Questions about quality
Recently, I’ve been thinking a lot about data quality within the geo ghetto, so it surprised me to hear several audience questions from local administrative workers, directly asking about data quality. How imperfect/unreliable/uncertain is the data? Given inevitable uncertainty, how is this doubt stopping us (or the decision makers for whom we are responsible) from opening data?
Data quality problems can have severe cost and social effects – one case cited was a database recording details of children, in which 5% of dates of birth were wrong, so 5% of people are being treated administratively as children when they are not, or treated as adults when they are not (at least according to the administrative definitions, processes etc).

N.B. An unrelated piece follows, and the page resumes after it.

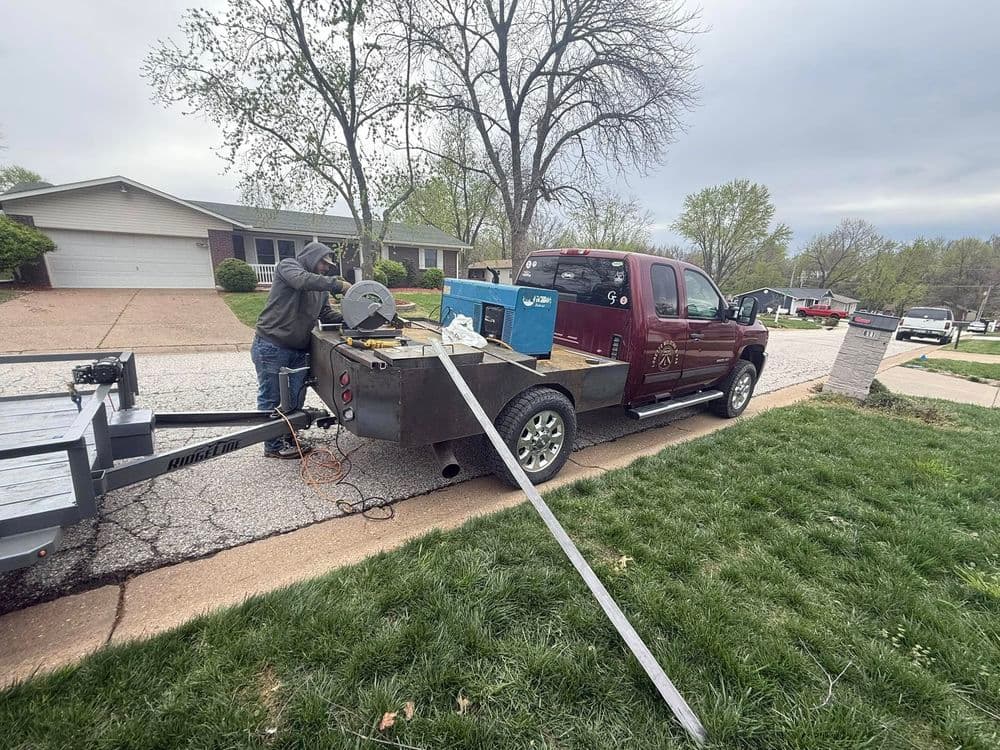 Truck with trailer and equipment parked on residential street during daytime. Worker preparing tools.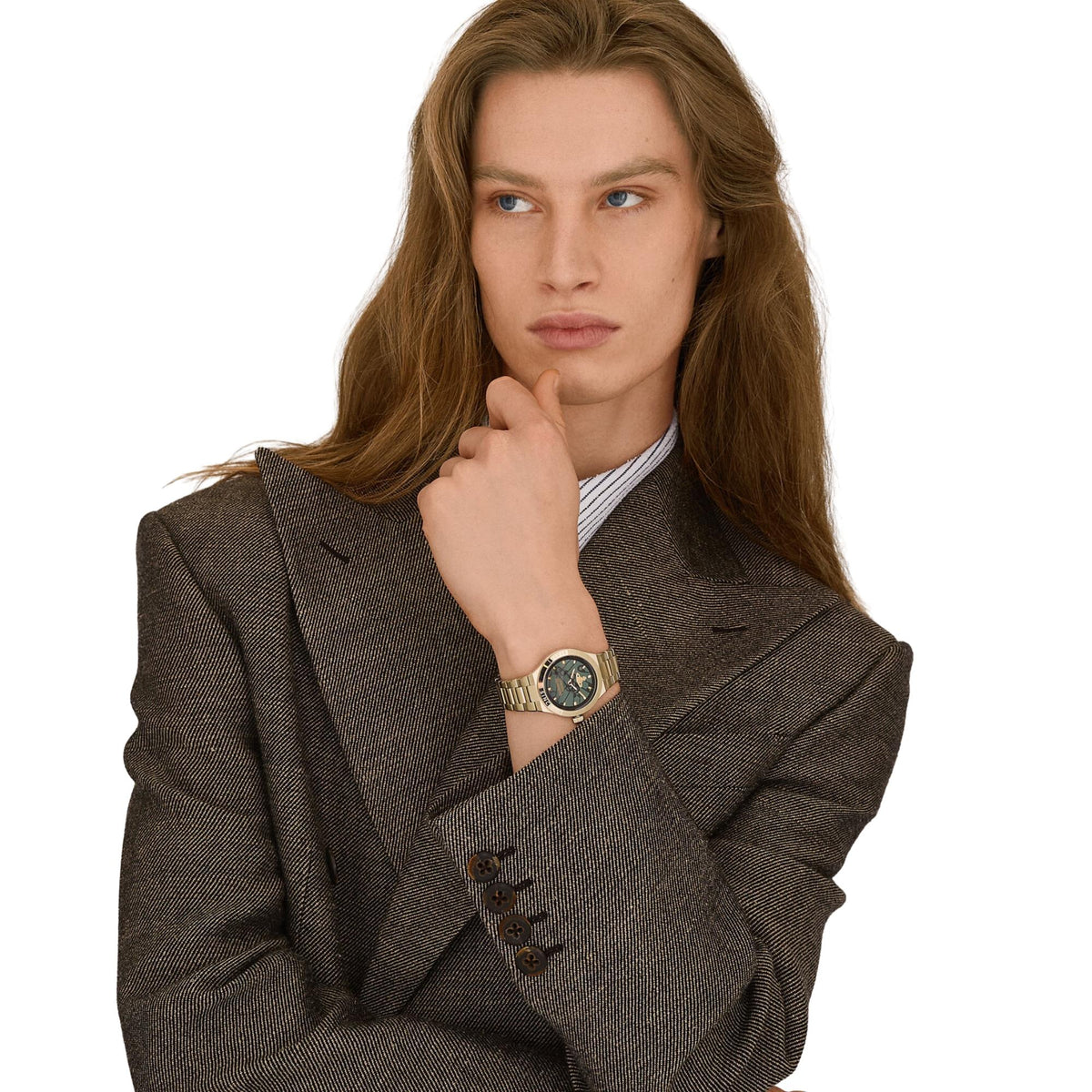 Gold-tone watch worn on wrist with dark green dial and stainless steel link bracelet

It’s quite possible to measure quality, to test and to describe it. Data package tests, like software package tests, extracting what’s useful from the formal standards thinking on quality. But this is too much of a digression, some of which is here, some of which is on the way.
Law and Computers
An interesting session which i only caught the end of and is more fully described on the ScotGovCamp blog by my EDINA colleague, Nicola Osborne. My notes say this:
German reform in the early 19C. | Biblical census. Legislation | Standards | Influence e-Care records, ATOS Origin distributed versioning in citizen data - propagation, provenance, merging. Robot Queen? Automaton? Target specification - e.g. music education, department of education directive. specifications, models, records management overspecification in law, cost, fear. Westminster Information Act (ontology-like)
Dropped into the session on cuts, which wasn’t all gloom and doom, but more vendor optimism about shared services. Asked vendors about whether they made free software, or could find a place where business benefit to themselves and organisational benefit to their (public administration) clients could be created by freeing their software (in parallel to building shared hosted services). Not sure there was an answer.
Wondering about open demographic data, social credit data, and what’s the non-proprietary answer to Experian.
Good comments from Chris Taggart in this session too – “specialising in one thing, as a service provider. Low barriers to entry – low barriers to exit equally important”. Wondering about a JISC-like body for stewardship of shared services for local authorities. Would probably become a beast.
Fragments of insight
The big consultancies that form consortia to do government work, work by mimicry – by mirroring the hierarchical administrative structures that they are serving. But then internally, they actually do iterative micro-procurements – as in EU consortia the bulk of the actual work is done by very small providers. Many large and small companies work across local authorities, and it would be fascinating to see the map of who and where they are, which Chris is beginning to derive from spending data.
Shadow networks, shadow systems form, inevitably, in organisations at scale. But a paradox – the more superficial openness there is (coming from cultural change, or coming from legal or quasi-legal mandates, or meeting in the middle) the less is actually recorded. Data implies audit, audit invokes fear of loss. So organisation becomes about emotional concerns – perhaps it would be helpful to recognise this more?
Note, i corrected a bit of this, Equality rather than Quality, with which i must be temporarily obsessed. Thanks Chris for notes. Thanks Tim Howgego for insights.